*** The input Section Begins ***

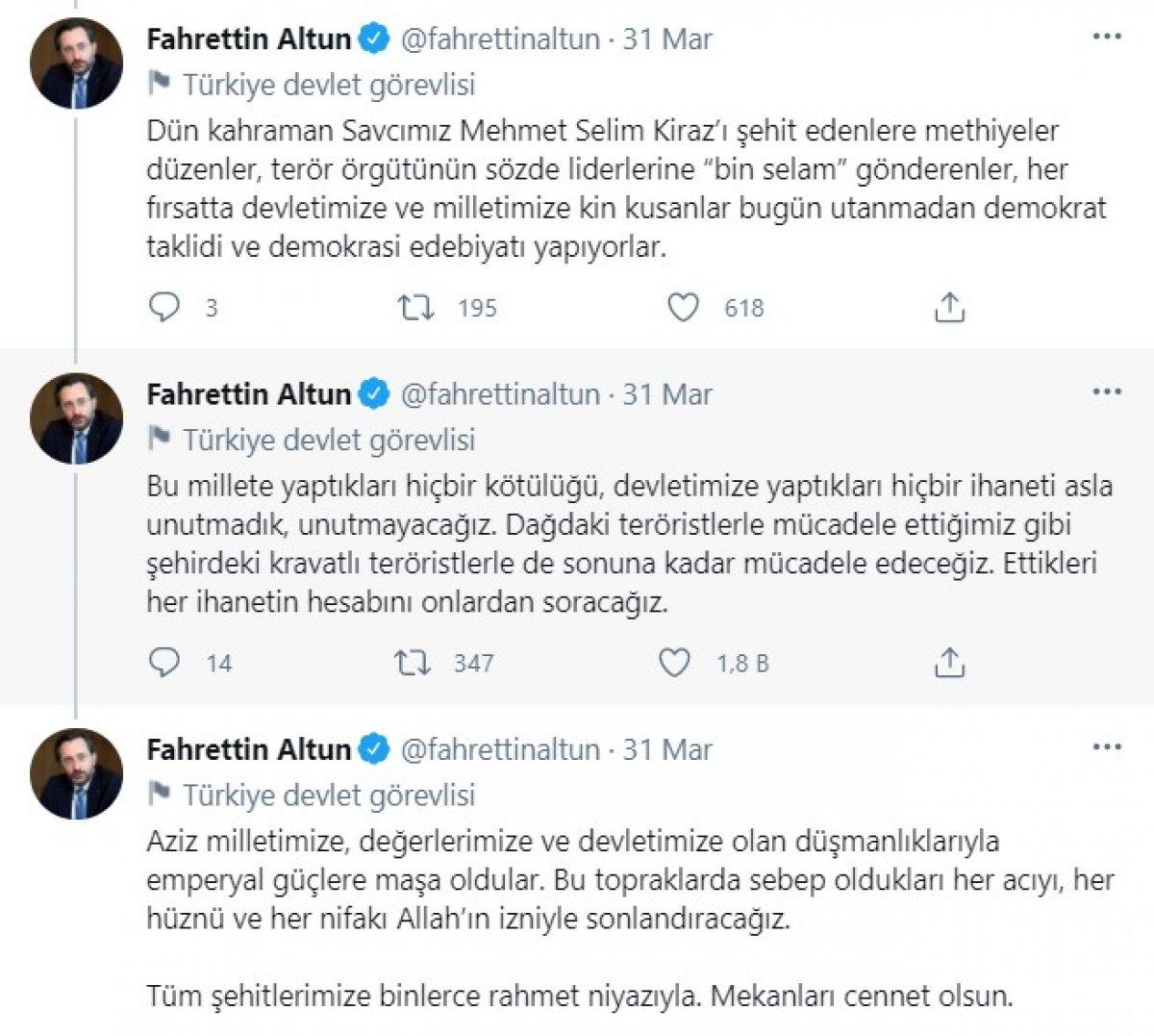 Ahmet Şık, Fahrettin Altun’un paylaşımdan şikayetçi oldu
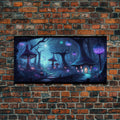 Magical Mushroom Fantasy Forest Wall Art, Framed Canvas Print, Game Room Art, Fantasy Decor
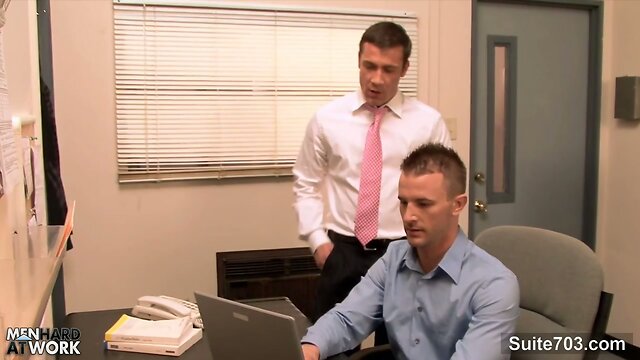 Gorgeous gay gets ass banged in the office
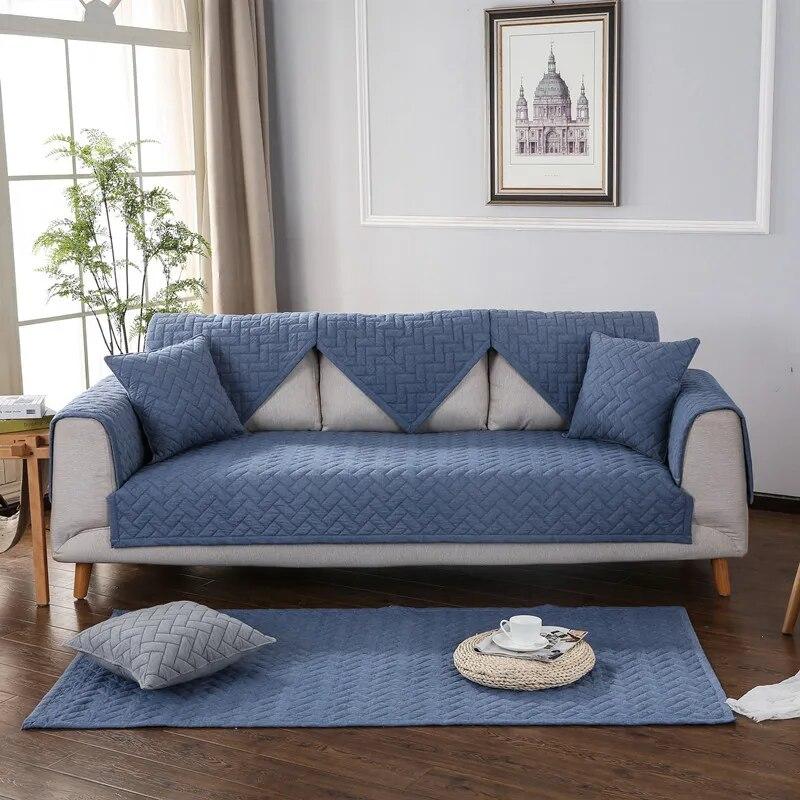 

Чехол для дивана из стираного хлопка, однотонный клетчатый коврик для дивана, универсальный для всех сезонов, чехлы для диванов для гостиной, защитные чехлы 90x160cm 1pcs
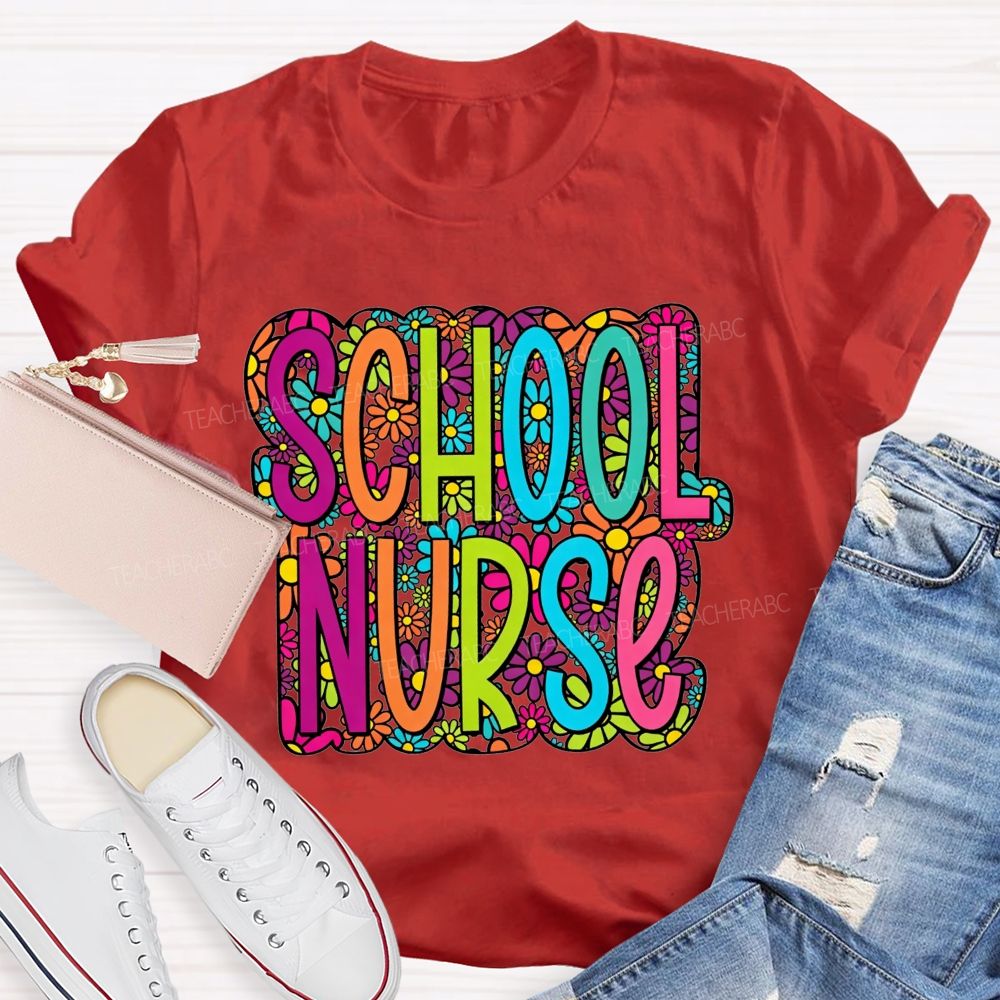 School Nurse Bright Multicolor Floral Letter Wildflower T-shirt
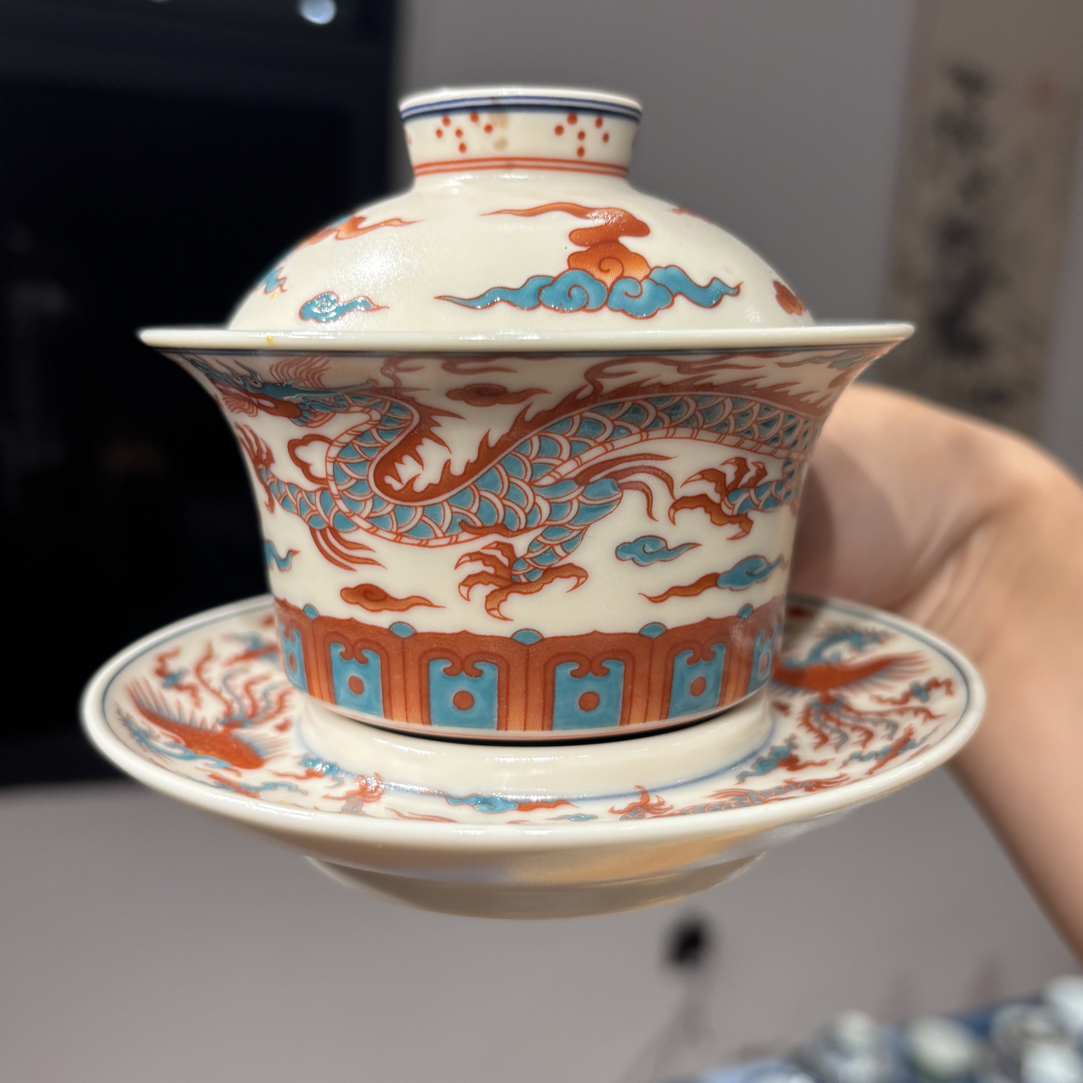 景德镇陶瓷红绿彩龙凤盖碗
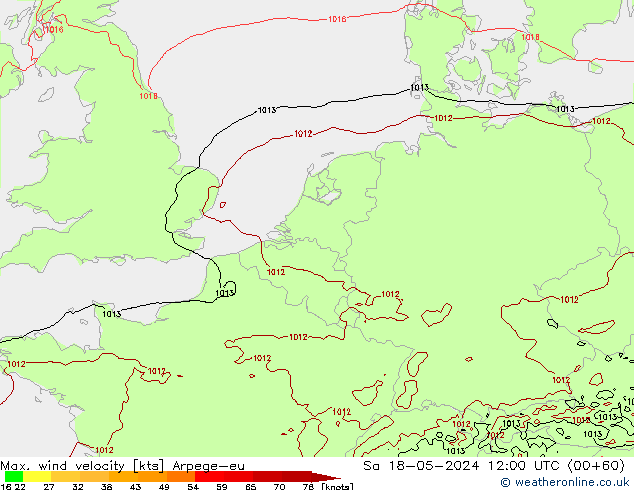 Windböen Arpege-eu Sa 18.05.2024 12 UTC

*** The input Section Ends ***

> **The task**:
Pictures stay out. Copy exactly, and only, the lines from the one containing "Magical Mushroom Fantasy" through the end of the data.

> **Output of the task**:
 Magical Mushroom Fantasy Forest Wall Art, Framed Canvas Print, Game Room Art, Fantasy Decor
 Gorgeous gay gets ass banged in the office

Чехол для дивана из стираного хлопка, однотонный клетчатый коврик для дивана, универсальный для всех сезонов, чехлы для диванов для гостиной, защитные чехлы 90x160cm 1pcs
 School Nurse Bright Multicolor Floral Letter Wildflower T-shirt
 景德镇陶瓷红绿彩龙凤盖碗
 Windböen Arpege-eu Sa 18.05.2024 12 UTC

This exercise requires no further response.